------ Records to use ------

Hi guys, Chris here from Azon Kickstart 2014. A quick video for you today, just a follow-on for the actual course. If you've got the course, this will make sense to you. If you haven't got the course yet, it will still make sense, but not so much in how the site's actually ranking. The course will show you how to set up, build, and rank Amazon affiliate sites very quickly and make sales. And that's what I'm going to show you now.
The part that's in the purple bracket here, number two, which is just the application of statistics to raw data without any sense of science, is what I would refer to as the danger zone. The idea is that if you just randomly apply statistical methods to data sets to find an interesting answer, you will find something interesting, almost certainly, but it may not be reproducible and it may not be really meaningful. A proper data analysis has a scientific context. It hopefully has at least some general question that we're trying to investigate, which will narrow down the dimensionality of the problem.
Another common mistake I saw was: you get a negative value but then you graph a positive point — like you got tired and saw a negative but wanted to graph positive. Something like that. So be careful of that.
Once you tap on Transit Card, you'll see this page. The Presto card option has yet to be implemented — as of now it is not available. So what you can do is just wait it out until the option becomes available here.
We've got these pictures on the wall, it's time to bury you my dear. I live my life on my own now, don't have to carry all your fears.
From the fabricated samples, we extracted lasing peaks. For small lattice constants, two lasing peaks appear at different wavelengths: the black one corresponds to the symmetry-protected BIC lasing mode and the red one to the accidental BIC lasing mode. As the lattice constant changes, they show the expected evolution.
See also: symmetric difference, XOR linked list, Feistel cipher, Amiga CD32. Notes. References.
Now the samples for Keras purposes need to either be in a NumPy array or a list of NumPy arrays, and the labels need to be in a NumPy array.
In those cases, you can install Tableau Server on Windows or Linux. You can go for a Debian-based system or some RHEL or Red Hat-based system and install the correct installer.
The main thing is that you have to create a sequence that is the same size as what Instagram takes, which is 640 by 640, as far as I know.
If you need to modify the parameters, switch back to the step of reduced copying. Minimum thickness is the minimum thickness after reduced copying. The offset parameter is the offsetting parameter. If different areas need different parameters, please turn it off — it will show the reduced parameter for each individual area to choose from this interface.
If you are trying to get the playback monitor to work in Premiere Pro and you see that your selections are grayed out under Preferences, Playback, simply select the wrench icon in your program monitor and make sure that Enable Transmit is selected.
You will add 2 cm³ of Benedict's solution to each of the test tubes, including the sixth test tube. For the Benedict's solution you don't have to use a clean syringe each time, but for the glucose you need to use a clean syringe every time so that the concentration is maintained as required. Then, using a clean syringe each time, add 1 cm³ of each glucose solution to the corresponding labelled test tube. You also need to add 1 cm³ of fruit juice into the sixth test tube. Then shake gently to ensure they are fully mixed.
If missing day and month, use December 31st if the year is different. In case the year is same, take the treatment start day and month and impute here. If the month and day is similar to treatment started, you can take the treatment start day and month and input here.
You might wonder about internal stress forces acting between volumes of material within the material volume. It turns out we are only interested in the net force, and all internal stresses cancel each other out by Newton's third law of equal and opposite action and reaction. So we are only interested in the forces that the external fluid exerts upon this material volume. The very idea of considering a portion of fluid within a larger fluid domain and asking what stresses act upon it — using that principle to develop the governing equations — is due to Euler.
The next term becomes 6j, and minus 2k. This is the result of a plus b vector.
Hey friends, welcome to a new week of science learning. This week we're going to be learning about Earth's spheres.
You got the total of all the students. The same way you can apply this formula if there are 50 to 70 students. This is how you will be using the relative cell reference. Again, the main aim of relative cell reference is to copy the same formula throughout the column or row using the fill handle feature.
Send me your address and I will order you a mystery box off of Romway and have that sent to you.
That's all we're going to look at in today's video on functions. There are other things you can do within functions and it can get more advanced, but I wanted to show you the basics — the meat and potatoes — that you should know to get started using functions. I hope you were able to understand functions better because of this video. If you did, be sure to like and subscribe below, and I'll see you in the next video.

------

Task brief: Here the output must be the lines above from the line with "See also: symmetric" to the line with "Now the samples", both included, duplicated word for word and nothing else.

Solution for this problem:
See also: symmetric difference, XOR linked list, Feistel cipher, Amiga CD32. Notes. References.
Now the samples for Keras purposes need to either be in a NumPy array or a list of NumPy arrays, and the labels need to be in a NumPy array.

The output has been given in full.